A patch prototype to make zero_damaged_pages work as advertised is
enclosed, though the current behaviour may well be preferred, in which
case a doc patch is more appropriate.
However, since autovacuum the window of opportunity for support to
assist with data recovery is smaller and somewhat random. VACUUM can
come along at any time and destroy the remaining data on the corrupt
page, destroying any benefit from the current behaviour. Also, since
some damaged pages will be written to and some not, we have a fairly
random amount of data loss, yet the logs don't differentiate between a
page that has been zeroed-and-written-to-disk and a page that has been
zeroed-and-ignored.
Perhaps we might want a new parameter called ignore_damaged_pages, so
that VACUUM would also ignore the bad data? At the very least we should
have a doc patch explaining the current behaviour better so that people
understand what to do when messages start appearing in the logs?

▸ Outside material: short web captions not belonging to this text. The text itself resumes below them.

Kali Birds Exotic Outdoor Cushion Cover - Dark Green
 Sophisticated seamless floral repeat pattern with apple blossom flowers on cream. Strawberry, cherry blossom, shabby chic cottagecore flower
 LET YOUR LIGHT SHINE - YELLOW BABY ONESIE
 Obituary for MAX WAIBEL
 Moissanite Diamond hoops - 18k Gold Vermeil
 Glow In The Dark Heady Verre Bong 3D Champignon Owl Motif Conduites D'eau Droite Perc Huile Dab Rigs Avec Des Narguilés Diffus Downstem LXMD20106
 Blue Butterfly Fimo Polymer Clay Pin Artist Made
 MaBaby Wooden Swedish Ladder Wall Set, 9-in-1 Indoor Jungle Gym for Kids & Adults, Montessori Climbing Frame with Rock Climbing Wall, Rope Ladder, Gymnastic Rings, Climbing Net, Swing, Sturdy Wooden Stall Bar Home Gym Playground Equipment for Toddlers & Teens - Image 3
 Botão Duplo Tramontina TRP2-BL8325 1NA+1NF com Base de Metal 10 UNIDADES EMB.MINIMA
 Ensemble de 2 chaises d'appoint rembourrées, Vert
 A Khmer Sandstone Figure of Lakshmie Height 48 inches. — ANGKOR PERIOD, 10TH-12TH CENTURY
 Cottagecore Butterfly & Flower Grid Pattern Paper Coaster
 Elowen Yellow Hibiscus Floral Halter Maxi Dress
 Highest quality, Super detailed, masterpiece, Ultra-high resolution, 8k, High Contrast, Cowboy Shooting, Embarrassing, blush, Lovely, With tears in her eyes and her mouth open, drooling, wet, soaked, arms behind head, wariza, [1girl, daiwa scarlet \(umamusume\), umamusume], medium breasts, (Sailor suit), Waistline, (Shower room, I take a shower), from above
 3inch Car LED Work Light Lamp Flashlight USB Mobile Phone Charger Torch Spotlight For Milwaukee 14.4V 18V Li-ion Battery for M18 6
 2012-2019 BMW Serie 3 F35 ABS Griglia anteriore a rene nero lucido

in bufmgr.c ReadBuffer() we have this code starting line 240
if (!PageHeaderIsValid((PageHeader) bufBlock))
{
/*
* During WAL recovery, the first access to any data page should
* overwrite the whole page from the WAL; so a clobbered page
* header is not reason to fail. Hence, when InRecovery we may
* always act as though zero_damaged_pages is ON.
*/
if (zero_damaged_pages || InRecovery)
{
ereport(WARNING,
(errcode(ERRCODE_DATA_CORRUPTED),
errmsg("invalid page header in block %u of relation \"%s\"; zeroing
out page",
blockNum, RelationGetRelationName(reln))));
MemSet((char *) bufBlock, 0, BLCKSZ);
}
else
...
}
if (isLocalBuf)
{
/* Only need to adjust flags */
bufHdr->flags |= BM_VALID | setdirty;
}
else
{
/* Set BM_VALID, terminate IO, and wake up any waiters */
TerminateBufferIO(bufHdr, false, BM_VALID | setdirty);
}
So the above code writes to a page, yet doesn't set BM_DIRTY. (It
doesn't unset it either, but thats not exactly the same thing).
2. Also from the code, the assumption that InRecovery means we can
ignore corrupt pages is only true when rolling forward on a set of logs
that contains full_page_writes blocks. That seems like an invalid
assumption when the page being accessed isn't going to be fully
overwritten, as in the case when we set full_page_writes = off. If we
agree on that, it seems like a deeper fix is required, rather than the
seemingly obvious (InRecovery && full_page_writes), since the current
setting of that parameter doesn't necessarily reflect how it was set
historically over the full range of log files used for any recovery.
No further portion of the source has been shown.